[Records from a dataset]
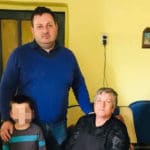 Адвокат Петър Николов с едно от децата и бабата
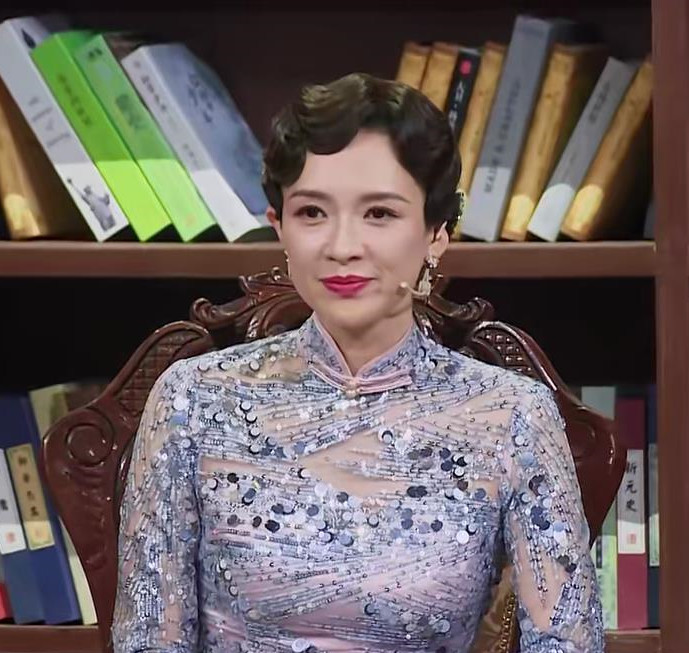 43岁的章子怡图片,章子怡怎么评价关晓彤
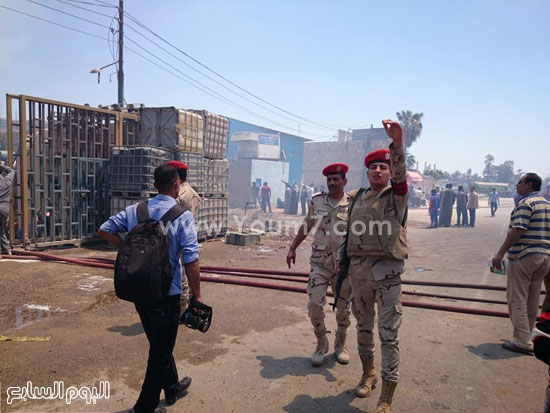  الشرطة العسكرية تبعد مواطنين عن موقع الحريق -اليوم السابع -4 -2015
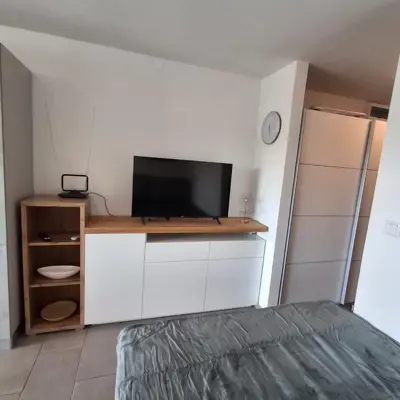 Studio apartment, Duga Uvala, first row to the sea - 6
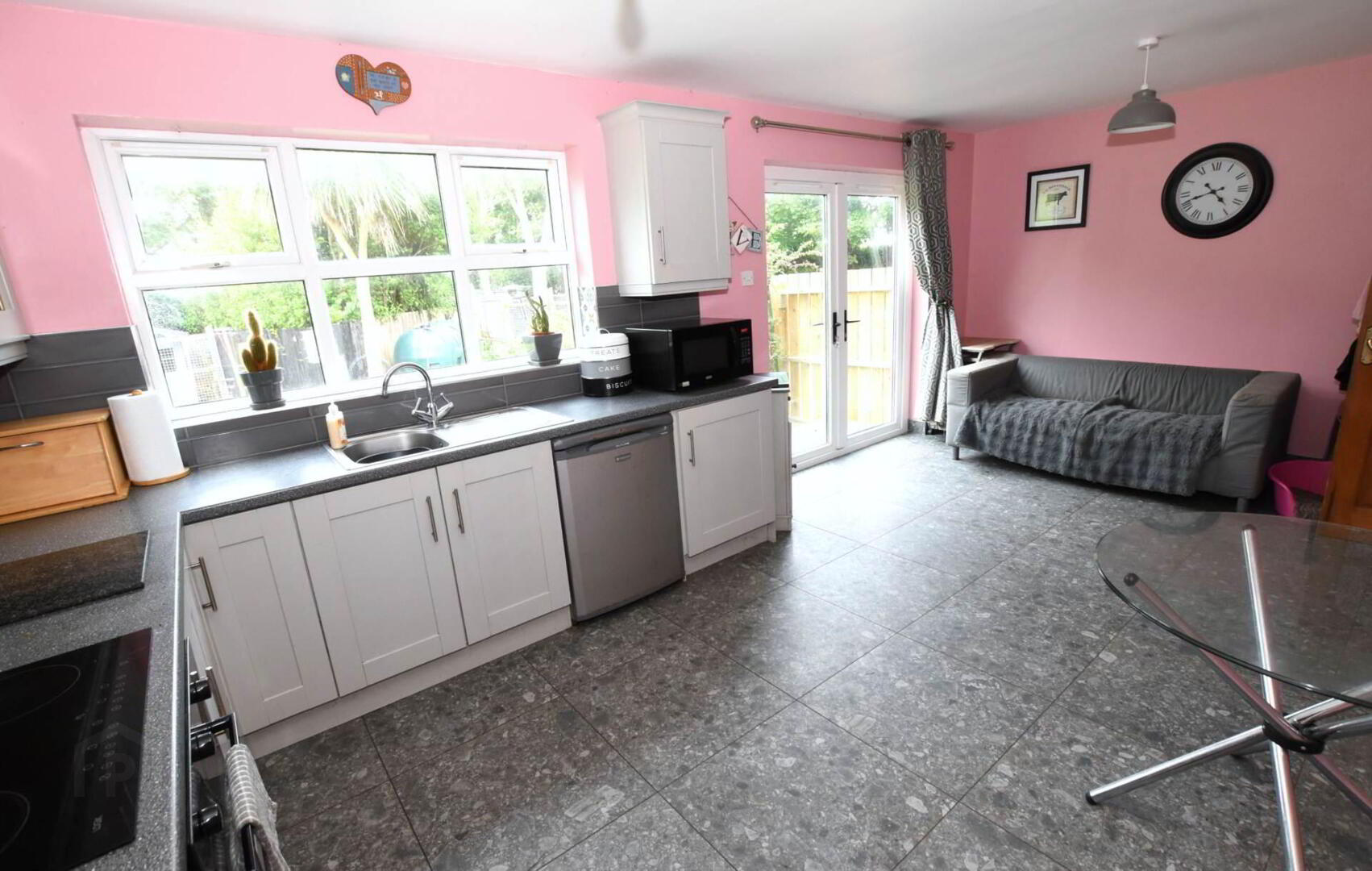 19 Gowland Meadow 9 of 22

Work item: All of the data should be returned word for word, with each picture left out.

Written response:
 Адвокат Петър Николов с едно от децата и бабата
 43岁的章子怡图片,章子怡怎么评价关晓彤
  الشرطة العسكرية تبعد مواطنين عن موقع الحريق -اليوم السابع -4 -2015
 Studio apartment, Duga Uvala, first row to the sea - 6
 19 Gowland Meadow 9 of 22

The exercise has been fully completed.